Your assignment: Except for the pictures, reproduce the records word for word.

Entries shown:
__________
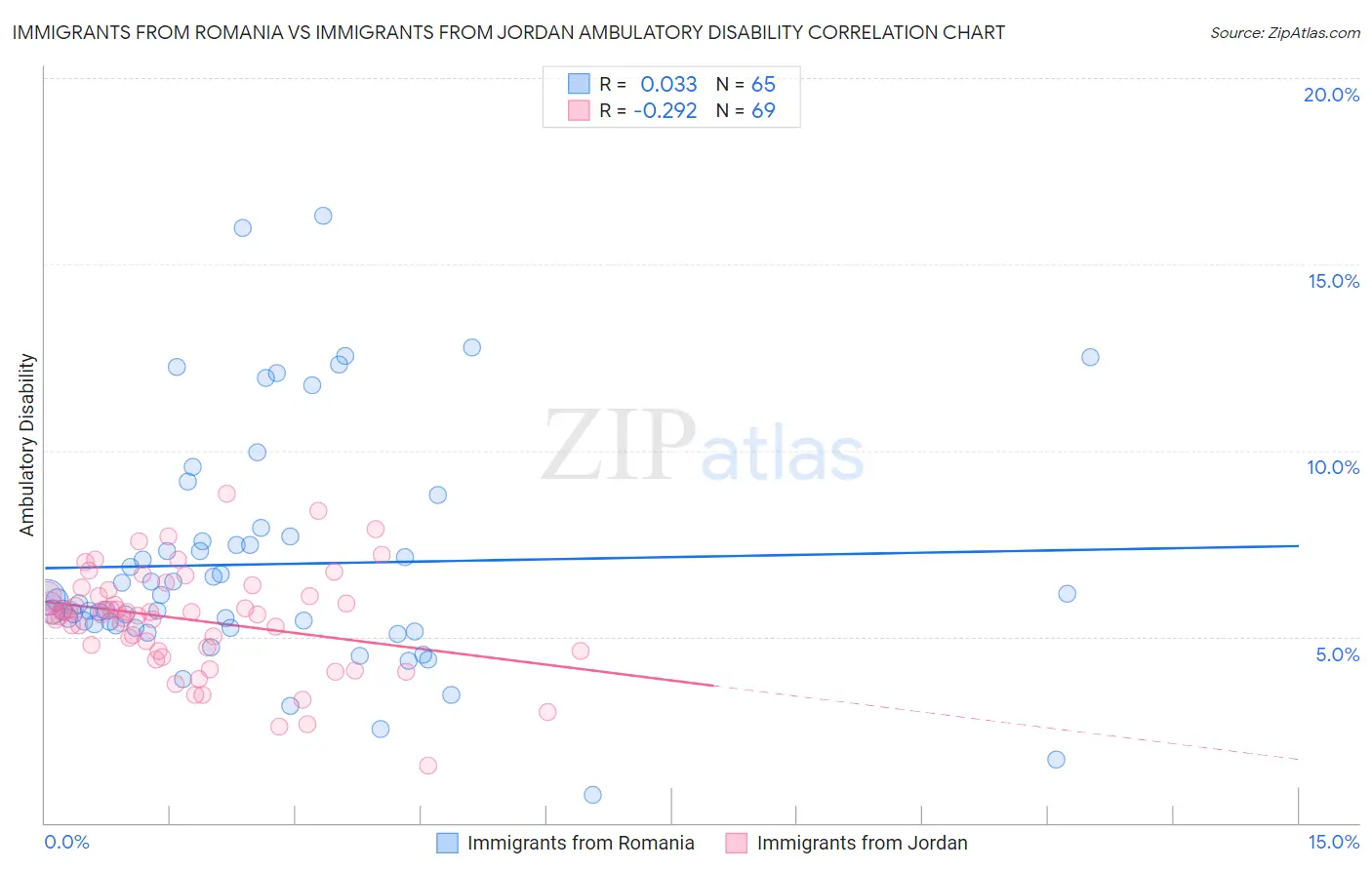 Immigrants from Romania vs Immigrants from Jordan Ambulatory Disability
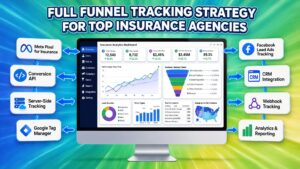 Promotional infographic titled "Full Funnel Tracking Strategy for Top Insurance Agencies" featuring a central monitor displaying an Insurance Analytics Dashboard surrounded by integrated technology nodes including Meta Pixel, Conversions API, Server-Side Tracking, Google Tag Manager, Facebook Lead Ads, CRM Integration, Webhook Tracking, and Analytics.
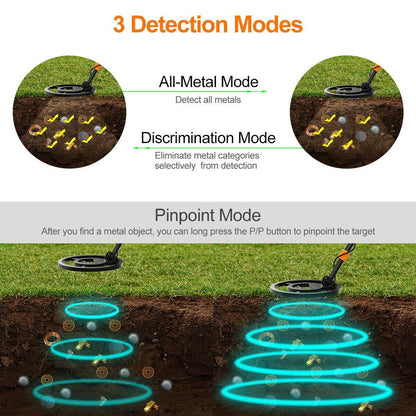 Skorter | Best Gold Metal Detector | Handheld All-Metal Pinpoint Detector for Adults & Kids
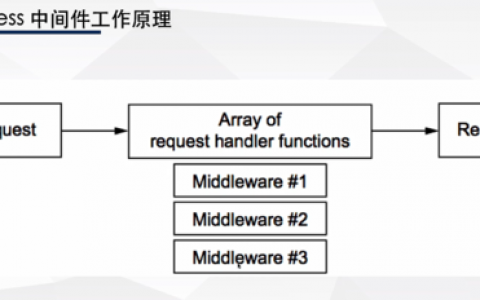 express框架_函数支持引入的依赖库有哪些？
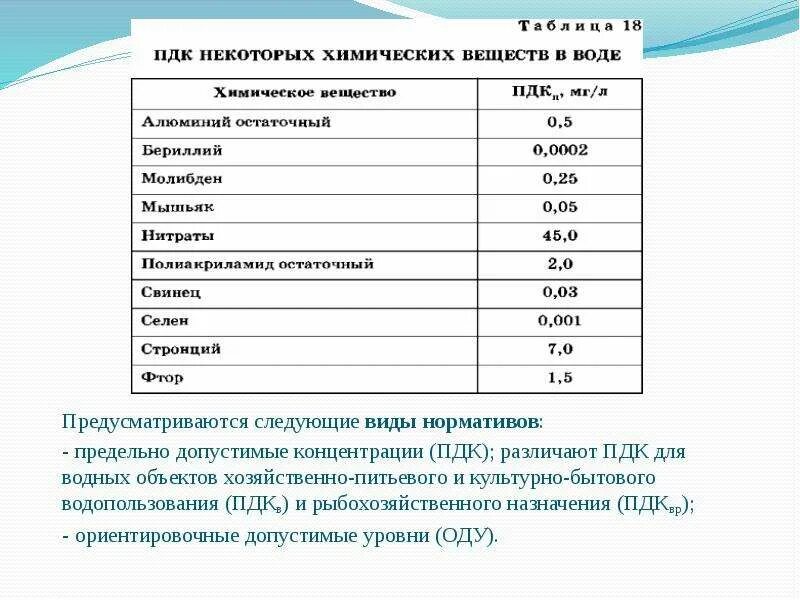 Допустимые концентрации химических веществ в воде таблица. Предельно допустимая концентрация (ПДК) химического вещества в воде. ПДК химических веществ. Хозяйственно-питьевая ПДК. Рыбохозяйственные нормативы качества воды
__________
Output of the exercise:
 Immigrants from Romania vs Immigrants from Jordan Ambulatory Disability
 Promotional infographic titled "Full Funnel Tracking Strategy for Top Insurance Agencies" featuring a central monitor displaying an Insurance Analytics Dashboard surrounded by integrated technology nodes including Meta Pixel, Conversions API, Server-Side Tracking, Google Tag Manager, Facebook Lead Ads, CRM Integration, Webhook Tracking, and Analytics.
 Skorter | Best Gold Metal Detector | Handheld All-Metal Pinpoint Detector for Adults & Kids
 express框架_函数支持引入的依赖库有哪些？
 Допустимые концентрации химических веществ в воде таблица. Предельно допустимая концентрация (ПДК) химического вещества в воде. ПДК химических веществ. Хозяйственно-питьевая ПДК. Рыбохозяйственные нормативы качества воды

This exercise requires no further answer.